A steaming quartet outing here, but before I go any further, are there enough ears out there for all the great Jazz talents I've come across since I climbed aboard the good ship "http://www.Jazznow.com" www.Jazznow.com ? You regulars to this site, start putting these CDs on for open-minded friends. Do a little missionary work. Drori Mondlak will thank you. Maybe not personally, but if you do decide to do what I've suggested, WAKE-UP CALL might be one of the first you toss on. Possibly the closing ditty is my favorite here: "Greycliff" begins with a Joe Beck turnaround but once we get past the infectious head melody, guitarist and author Cary DeNigris starts mining some of the deep fissures which have been cut by prog/Jazz axeman deluxe Allan Holdsworth since I first came across him in a late version of Soft Machine in the mid-1970s. DeNigris is more the devotee of earlier guitar wizards now, I think, like Joe Pass or Bola Sete, but the fluidity of his lines and the sleek execution is still very Holdsworth. I especially go for a composed late middle bit in which DeNigris falls into a percussive ostinato and Drori Mondlak, the actual leader of this session (first among equals), frees himself from the pulse and kicks the intensity way up. Later on, bass magister Paul Ramsey takes a bow before DeNigris takes the tune out on a bossa nova vamp: Ramsey has a mild debt to pay to Jaco Pastorius but his busy side has less of a rubber-band feel and more of a Percy Jones elegance. As good a set-closer as I've heard in a while.

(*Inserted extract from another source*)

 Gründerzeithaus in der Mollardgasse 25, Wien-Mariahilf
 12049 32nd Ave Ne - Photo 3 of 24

The first 9 tracks aren't bad either. Saxophonist/flautist Karolina Strassmeyer links up with DeNigris for the stepping-stone head to Monk's "Evidence", and her solo after DeNigris gets first-ups recalls early Lester Young with a more adventurous edge. Mondlak proves himself to be king of the cymbals throughout this one, and a short drum interlude gives a cheery nod to Joe Morello. No wonder the band covers Brubeck's "In Your Own Sweet Way" with easy authority a bit later on. Some definite wit in the arranging is shown, such as an "All God's Chillun" Got Rhythm' that has a Brazilian feel, most definitely in Strassmeyer's flute playing. And Mondlak throws in a few bars of trading 16s with himself here and there that somehow keep the forward motion spinning anyway; something a lot of drummers don't do well.
This is a fun CD to listen to. So get it and share it.